Summary – Factors That Impact Electricity Prices
- There are several factors that can impact electricity prices. Some factors can influence prices much more than others at any one time, and multiple factors can influence prices at once
- Supply and demand by producers (like utilities) and the market (electricity consumers) can play a large role, but the government and other bodies can too
- Apart from direct factors, there can also be external or bigger picture factors at play, that are more indirect, and impact on these other more direct factors e.g. a poor economy can influence investment in electricity, production, demand, and so on
- Price changes can be temporary (changing hourly or daily), or more permanent and longer term (lasting months and years)

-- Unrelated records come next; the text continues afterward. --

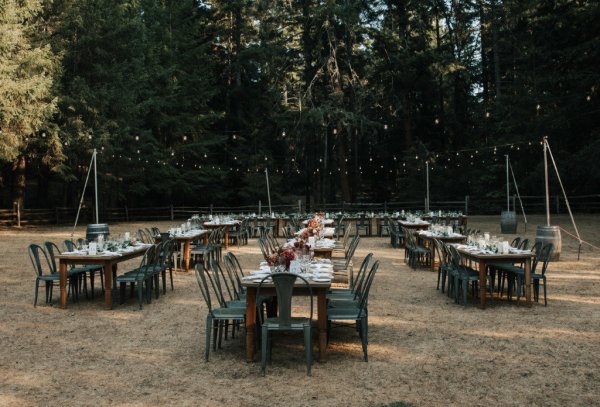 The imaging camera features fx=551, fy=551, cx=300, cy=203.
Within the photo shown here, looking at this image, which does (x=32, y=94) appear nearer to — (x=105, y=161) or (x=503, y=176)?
(x=105, y=161)

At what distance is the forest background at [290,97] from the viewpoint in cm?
2705

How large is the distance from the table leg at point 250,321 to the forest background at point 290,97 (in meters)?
20.4

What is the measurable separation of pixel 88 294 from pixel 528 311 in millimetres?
7611

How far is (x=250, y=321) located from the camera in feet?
19.5

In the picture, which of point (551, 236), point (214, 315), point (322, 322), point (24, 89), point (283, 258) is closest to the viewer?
point (322, 322)

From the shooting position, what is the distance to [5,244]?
63.6ft

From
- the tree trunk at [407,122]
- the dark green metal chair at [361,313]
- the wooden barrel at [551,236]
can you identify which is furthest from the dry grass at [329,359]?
the tree trunk at [407,122]

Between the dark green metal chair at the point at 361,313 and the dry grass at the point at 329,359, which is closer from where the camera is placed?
the dry grass at the point at 329,359

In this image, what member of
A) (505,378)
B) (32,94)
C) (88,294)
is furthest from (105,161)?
(505,378)

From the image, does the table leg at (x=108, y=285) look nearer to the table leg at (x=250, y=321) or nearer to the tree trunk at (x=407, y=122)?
the table leg at (x=250, y=321)

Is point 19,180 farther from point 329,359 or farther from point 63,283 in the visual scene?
point 329,359

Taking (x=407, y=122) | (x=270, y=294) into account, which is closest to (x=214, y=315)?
Result: (x=270, y=294)

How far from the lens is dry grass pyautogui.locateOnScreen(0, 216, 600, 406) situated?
4.91 m

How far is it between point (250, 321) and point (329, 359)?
95 cm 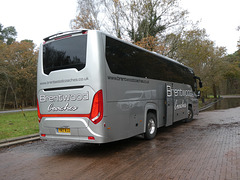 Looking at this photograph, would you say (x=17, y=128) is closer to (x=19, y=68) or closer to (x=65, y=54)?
(x=65, y=54)

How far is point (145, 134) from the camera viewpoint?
7742mm

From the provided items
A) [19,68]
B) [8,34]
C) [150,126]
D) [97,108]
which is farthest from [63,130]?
[8,34]

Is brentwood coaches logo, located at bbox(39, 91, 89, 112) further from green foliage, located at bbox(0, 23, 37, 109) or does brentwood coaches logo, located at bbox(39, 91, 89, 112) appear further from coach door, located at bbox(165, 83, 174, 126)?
green foliage, located at bbox(0, 23, 37, 109)

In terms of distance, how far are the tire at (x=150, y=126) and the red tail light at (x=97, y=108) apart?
8.89 feet

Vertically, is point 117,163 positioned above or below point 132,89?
below

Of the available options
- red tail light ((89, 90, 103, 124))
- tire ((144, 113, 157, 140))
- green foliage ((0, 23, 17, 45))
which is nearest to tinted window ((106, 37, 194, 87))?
red tail light ((89, 90, 103, 124))

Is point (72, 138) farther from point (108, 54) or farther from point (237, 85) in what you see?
point (237, 85)

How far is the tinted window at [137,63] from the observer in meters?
6.07

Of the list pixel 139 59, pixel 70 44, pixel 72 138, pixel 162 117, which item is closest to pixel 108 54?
pixel 70 44

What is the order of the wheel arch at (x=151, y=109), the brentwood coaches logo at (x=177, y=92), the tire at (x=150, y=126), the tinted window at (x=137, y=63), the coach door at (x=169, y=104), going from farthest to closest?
1. the brentwood coaches logo at (x=177, y=92)
2. the coach door at (x=169, y=104)
3. the tire at (x=150, y=126)
4. the wheel arch at (x=151, y=109)
5. the tinted window at (x=137, y=63)

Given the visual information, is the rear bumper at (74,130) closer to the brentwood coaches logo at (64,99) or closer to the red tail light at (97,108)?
the red tail light at (97,108)

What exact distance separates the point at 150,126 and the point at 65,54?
4.11 meters

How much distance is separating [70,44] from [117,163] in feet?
11.5

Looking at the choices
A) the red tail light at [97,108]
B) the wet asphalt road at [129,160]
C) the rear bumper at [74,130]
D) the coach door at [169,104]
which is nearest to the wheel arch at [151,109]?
the coach door at [169,104]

- Final electricity rates, and rate structures, can differ between the individual cities, States and countries
- It’s worth noting the difference between electricity prices and energy prices, where electricity is the use of energy sources to produce electricity to be used by the consumer, whereas energy might include other energy forms like gas as a usable form of power/fuel
A good summary of electricity prices and how they are set and how they change might be:
- Electricity prices generally reflect the price to ‘build, finance, maintain, and operate power plants and the electricity grid’
– the EIA via wikipedia.org
From this description, we can see that electricity prices are far more comprehensive than just the primary energy source they come from. They involve whole electricity systems they have to work in a practical and feasible way, and can be impacted upon by factors external to the electricity system itself (as well as the factors within the electricity system).

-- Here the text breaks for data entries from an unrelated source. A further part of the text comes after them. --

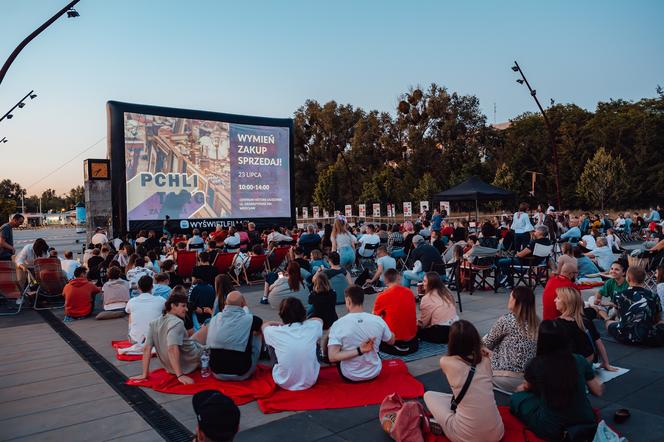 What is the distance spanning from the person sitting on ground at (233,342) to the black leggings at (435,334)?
207cm

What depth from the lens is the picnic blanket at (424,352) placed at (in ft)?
17.7

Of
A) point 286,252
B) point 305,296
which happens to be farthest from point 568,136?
point 305,296

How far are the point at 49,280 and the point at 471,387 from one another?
916cm

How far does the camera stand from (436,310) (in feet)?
18.5

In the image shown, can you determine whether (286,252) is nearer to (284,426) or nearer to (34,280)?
(34,280)

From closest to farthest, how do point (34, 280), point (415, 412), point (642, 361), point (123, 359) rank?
1. point (415, 412)
2. point (642, 361)
3. point (123, 359)
4. point (34, 280)

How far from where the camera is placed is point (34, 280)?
1066 cm

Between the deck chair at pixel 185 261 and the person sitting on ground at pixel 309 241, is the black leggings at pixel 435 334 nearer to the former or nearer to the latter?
the person sitting on ground at pixel 309 241

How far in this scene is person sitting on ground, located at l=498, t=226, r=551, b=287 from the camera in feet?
29.5

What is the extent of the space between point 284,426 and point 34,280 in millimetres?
9188

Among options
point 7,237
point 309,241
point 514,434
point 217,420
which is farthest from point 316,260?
point 217,420

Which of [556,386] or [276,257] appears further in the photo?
[276,257]

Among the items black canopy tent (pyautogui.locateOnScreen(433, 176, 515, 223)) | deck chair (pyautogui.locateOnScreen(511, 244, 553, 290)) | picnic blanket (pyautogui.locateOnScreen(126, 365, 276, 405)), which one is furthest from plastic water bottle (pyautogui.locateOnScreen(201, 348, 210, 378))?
black canopy tent (pyautogui.locateOnScreen(433, 176, 515, 223))

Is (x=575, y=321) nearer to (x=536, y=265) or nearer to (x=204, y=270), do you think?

Let’s take a look at the factors that can impact electricity prices in any one place (note – these are just some of the more prominent factors – they aren’t a comprehensive list):
Supply & Demand
This is more of a general factor than a specific factor. Supply and demand has a lot to do with the economic factors that impact electricity prices.
As two very basic examples:
- Surplus electricity fed into the electricity grid at any one time can lead to cheap or even negative electricity prices
- A lack of supply of power into the electricity grid can lead to more expensive electricity prices
Increased and decreased supply of electricity can be caused by a range of factors.

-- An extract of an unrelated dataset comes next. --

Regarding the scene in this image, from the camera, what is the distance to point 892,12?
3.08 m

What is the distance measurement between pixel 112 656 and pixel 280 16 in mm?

Cost Of Power Generation/Production
The cost to produce electricity is factored into the price of electricity that the user pays.
Different energy sources cost different amounts to deliver one unit (such as one KWh) of electricity.
Over the lifecycle of the energy source (construction, operation including fuel costs, maintenance etc.), this is called the levelized cost of electricity (LCOE).
Hydro, solar PV and onshore wind can have low LCOE’s in some countries because whilst in operation, costs are incredibly low – fuel is free. Compare this to some fossil fuel energy sources where fuel has to be paid for or there are higher operating costs.
Investment In Infrastructure & Networks
Building new transmission lines and poles, replacing old lines and poles, upgrading of power grids, electricity metering, and other infrastructure/network maintenance and development can be very expensive.
These investment costs for infrastructure and networks can be passed onto customers in their electricity bill.
The reliability and quality of an electricity system can impact prices:
- Larger currents require costlier infrastructure to minimize power loss, so consumers with low power factors get charged a higher electricity rate by their utility (wikipedia.org)
In this instance, we see that increases in electricity prices aren’t always bad as long as it can be proved that the reason for the price rise is an investment that leads to an increase in the quality or reliability of the electricity service.
Government Regulation, Subsidies Or Taxes
Intervention by government in the energy market, via regulations and standards (especially standards within energy portfolios), subsidies, taxes, or other measures, can all impact electricity prices for consumers.
They can also make production easier, harder, cheaper or more expensive for suppliers and new electricity retailers and competitors. They may also offer tariffs or pay outs to individual and residential energy producers that are feeding energy into the grid.
Green schemes for renewable energy targets, and renewable energy bonus schemes and feed in tariffs are two examples.
Multi Tiered Government Regulation
This happens in the US where the different levels of government have different levels of regulation over the energy market:
- In standard regulated monopoly markets like the U.S., there are multilevel governance structures to set electric rates. The rates are determined through a regulatory process that is overseen by a Public Service Commission. There are Public Service Commission compliance requirements to the state legislature. In addition, The Federal Energy Regulatory Commission (FERC) oversees the wholesale electricity market along with the interstate transmission of electricity. Public Service Commissions (PSC), which are also known as Public Utility Commissions (PUC), regulate the retail rates of utilities within each state. Different utility types are regulated differently in each state as well.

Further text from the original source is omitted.